Because there is a law such as gravity, the Universe can and will create itself from nothing. Spontaneous creation is the reason there is something rather than nothing, why the Universe exists, why we exist. … It is not necessary to invoke God to light the blue touch paper and set the Universe going.According to Stephen Hawking's theory, the universe as we know it can develop from the cosmological equivalent of an empty string. (Actually, I'm not so sure about that. His theory might involve the universe developing from zero, which requires even more to be defined.) Zero is not the same as undefined. If a physicist says he has evidence the universe started from zero, the question of how the zero was created is not meaningless.
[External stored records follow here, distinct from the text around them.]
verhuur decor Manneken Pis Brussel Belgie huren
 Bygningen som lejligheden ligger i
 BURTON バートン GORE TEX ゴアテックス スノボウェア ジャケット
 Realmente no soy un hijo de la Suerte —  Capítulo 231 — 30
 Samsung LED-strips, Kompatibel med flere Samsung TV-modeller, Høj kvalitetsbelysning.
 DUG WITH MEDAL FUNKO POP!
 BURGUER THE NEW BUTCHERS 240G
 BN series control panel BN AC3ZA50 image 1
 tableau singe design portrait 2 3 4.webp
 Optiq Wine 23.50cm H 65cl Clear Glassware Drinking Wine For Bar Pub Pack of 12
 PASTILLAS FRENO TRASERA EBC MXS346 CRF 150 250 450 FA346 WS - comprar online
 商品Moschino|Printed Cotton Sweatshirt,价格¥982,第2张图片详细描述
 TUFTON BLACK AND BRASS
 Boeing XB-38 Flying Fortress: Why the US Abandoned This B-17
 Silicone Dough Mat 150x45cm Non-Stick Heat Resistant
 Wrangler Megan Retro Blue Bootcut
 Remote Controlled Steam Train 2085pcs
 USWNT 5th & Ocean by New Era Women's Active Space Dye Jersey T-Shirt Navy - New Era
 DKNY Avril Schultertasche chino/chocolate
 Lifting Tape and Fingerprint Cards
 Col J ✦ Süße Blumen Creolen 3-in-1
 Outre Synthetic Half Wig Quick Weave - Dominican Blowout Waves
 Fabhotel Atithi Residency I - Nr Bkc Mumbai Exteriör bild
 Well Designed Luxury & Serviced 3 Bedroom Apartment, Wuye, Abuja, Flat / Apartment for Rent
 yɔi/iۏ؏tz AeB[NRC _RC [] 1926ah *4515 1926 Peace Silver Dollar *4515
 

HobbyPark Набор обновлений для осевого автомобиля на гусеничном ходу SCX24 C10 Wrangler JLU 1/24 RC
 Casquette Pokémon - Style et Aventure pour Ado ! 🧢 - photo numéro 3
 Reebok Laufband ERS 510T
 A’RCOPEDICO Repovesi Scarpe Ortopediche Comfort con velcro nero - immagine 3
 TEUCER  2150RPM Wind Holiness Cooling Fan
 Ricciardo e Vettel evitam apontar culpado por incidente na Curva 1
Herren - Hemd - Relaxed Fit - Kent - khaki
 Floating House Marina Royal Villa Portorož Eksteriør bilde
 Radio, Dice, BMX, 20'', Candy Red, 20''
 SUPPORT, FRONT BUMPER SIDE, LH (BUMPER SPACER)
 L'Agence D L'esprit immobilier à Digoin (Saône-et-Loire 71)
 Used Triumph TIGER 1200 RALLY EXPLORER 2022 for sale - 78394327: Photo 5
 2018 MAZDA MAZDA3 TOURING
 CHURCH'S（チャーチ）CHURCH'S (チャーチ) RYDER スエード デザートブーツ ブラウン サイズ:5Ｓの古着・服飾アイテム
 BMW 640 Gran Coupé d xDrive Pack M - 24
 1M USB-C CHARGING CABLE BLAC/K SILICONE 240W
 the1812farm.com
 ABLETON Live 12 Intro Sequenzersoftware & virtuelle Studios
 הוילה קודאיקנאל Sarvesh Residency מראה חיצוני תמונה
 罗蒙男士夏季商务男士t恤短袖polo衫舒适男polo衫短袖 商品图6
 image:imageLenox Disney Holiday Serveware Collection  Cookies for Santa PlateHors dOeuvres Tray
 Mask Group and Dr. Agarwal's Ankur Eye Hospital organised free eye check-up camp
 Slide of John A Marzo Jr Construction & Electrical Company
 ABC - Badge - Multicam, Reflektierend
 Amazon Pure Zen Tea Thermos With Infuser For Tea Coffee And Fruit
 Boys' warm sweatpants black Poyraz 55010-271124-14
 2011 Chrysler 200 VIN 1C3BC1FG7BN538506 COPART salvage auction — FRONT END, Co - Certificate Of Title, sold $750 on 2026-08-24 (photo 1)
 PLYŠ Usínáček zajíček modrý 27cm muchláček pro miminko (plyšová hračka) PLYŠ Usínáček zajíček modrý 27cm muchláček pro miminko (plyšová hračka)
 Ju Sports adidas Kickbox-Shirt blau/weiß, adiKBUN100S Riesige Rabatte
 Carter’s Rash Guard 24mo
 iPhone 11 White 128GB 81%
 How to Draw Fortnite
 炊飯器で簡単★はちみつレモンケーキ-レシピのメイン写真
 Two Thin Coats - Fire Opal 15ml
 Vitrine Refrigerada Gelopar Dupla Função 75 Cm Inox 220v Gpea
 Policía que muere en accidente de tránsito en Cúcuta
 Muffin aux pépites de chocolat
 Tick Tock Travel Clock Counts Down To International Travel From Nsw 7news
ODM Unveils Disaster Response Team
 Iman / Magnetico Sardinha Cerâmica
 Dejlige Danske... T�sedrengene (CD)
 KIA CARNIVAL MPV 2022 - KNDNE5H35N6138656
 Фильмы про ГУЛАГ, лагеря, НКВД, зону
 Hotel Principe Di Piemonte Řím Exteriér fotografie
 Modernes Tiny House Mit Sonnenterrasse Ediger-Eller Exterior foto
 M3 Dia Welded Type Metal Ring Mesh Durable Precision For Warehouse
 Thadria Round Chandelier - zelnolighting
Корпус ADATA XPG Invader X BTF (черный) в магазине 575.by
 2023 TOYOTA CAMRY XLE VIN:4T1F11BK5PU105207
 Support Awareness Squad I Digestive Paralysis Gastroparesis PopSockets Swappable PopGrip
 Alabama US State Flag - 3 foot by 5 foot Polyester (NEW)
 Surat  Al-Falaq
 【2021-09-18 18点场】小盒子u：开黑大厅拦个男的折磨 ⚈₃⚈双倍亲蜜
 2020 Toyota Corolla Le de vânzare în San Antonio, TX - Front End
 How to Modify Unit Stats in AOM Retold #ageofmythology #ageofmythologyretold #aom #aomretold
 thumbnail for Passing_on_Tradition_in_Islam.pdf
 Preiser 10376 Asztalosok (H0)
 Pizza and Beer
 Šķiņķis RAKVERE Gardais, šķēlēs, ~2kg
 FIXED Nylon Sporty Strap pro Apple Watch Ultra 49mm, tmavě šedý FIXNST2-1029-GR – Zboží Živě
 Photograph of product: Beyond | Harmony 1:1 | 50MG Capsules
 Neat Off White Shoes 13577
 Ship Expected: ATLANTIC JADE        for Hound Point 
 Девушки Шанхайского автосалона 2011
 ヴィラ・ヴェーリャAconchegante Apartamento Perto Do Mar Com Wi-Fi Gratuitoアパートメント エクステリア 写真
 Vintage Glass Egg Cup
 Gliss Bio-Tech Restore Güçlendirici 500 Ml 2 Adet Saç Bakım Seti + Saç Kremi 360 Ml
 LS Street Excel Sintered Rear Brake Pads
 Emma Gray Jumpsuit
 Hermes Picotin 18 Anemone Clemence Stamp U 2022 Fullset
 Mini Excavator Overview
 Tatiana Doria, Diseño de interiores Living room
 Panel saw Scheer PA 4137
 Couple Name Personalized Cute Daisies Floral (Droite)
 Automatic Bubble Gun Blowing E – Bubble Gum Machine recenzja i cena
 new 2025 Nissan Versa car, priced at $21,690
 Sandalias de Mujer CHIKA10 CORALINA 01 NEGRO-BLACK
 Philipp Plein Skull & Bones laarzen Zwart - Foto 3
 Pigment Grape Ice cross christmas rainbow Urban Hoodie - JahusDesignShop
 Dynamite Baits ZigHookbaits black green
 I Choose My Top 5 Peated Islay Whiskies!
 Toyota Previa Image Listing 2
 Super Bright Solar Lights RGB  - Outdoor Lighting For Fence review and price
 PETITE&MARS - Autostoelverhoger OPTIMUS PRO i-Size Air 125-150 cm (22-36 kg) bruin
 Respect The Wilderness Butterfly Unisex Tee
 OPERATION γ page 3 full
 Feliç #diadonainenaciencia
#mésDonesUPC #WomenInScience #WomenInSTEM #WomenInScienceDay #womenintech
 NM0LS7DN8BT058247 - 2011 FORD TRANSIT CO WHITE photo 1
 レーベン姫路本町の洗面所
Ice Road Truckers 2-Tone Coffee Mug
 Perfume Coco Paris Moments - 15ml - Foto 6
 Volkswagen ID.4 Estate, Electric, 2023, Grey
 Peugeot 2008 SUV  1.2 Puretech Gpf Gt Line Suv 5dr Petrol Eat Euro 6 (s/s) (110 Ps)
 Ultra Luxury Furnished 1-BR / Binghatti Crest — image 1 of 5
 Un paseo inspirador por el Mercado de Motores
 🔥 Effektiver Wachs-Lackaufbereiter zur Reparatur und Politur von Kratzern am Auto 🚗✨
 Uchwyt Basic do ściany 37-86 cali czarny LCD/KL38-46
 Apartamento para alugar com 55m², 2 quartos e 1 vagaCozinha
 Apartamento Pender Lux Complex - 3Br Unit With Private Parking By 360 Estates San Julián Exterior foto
I'm reminded of a famous anecdote about teaching statistics:
One of my college professors liked to ask his classes, “What is the difference between zero and nothing?” After allowing the students several minutes of metaphysical and sophomoric discussion he would write “0” and say, “That's zero.” Then, with a flourish he would erase the zero explaining, “And that's nothing.”To a physicist, the differences between undefined, nothing, and zero might seem like quibbling. To a mathematician or a computer programmer, it's not.
Digression: The theory, by the way, is still speculative. If I recall correctly, the “no-boundary” condition requires a finite universe and it is currently unknown if the universe is finite or infinite. On the other hand, that really is just quibbling.
To return to the creation question: Some people have been claiming that it makes sense to assume this universe is a simulation running in a larger universe. I'd like to see a debate between those people and Stephen Hawking.